Le 9 juillet 1898, après 10 ans de mise en place du projet, les rétais peuvent enfin emprunter le chemin de fer, qui sera surnommé « Le Tortillard ». Le premier lancement est un franc succès, il faudra même rajouter quatre wagons dans les mois qui suivent pour assurer le bon fonctionnement du réseau. Néanmoins, la mise en place n’a pas suscité que des avantages. En effet, pas moins de 3000 expropriations ont été nécessaire pour l’établissement de la voie. Le convoi de passagers étant la principale activité du train, la ligne ne sera ouverte aux marchandises que plus tard. En cette année 1898, la voie ferrée s’étend sur plus de 36 Kms, passant par toutes les agglomérations et 3 voies secondaires reliant les grands villages de l’Ile. En 1899, une ligne secondaire de 1400 m est construite afin de relier le Phare des Baleines à la ligne principale.

Le Tortillard alourdi de passagers et gavé de charbon ne bat pas des records de vitesse et le trajet dure en moyenne de 2h30 à 3h00 pour relier les extrémités de l’Ile en comptant un arrêt à St Martin pour nettoyer et alimenter la chaudière. Ce rythme réduit, fait du Tortillard un endroit où les histoires vont "bon train", un lieu de rencontres et d’échanges.

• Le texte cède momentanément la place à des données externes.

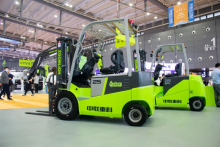 中联重科工业车辆智慧亮相长沙工程机械展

C’est de la bonne humeur des rétais que le train tire sa magie et son humanité, les discussions sont enjouées et les anecdotes nombreuses. Mr AUJARD raconte : Il y avait je ne sais combien de wagons sur le train, mais à St Martin pour monter sur le Champs de Mars, ça monte un petit peu aussi, pas beaucoup, mais ça monte, il a recommencé 4 ou 5 fois avant de partir, c’est tout juste si on est pas descendu le pousser. C’était folklorique !.

Les années passant, le Tortillard deviendra de moins en moins utile et sera délaissé petit à petit au profit de moyens de transport plus pratiques et surtout plus rapides. En 1934, les derniers services de voyageurs sont définitivement remplacés, seul le sel est encore occasionnellement acheminé par le train.

Aujourd’hui, on ne trouve plus aucun vestige du tortillard, ni du chemin de fer, là où jadis serpentaient les rails, on a créé des pistes cyclables et des routes comme pour oublier le temps où l’on vivait doucement au rythme du bruit mécanique du petit de l’Ile de Ré.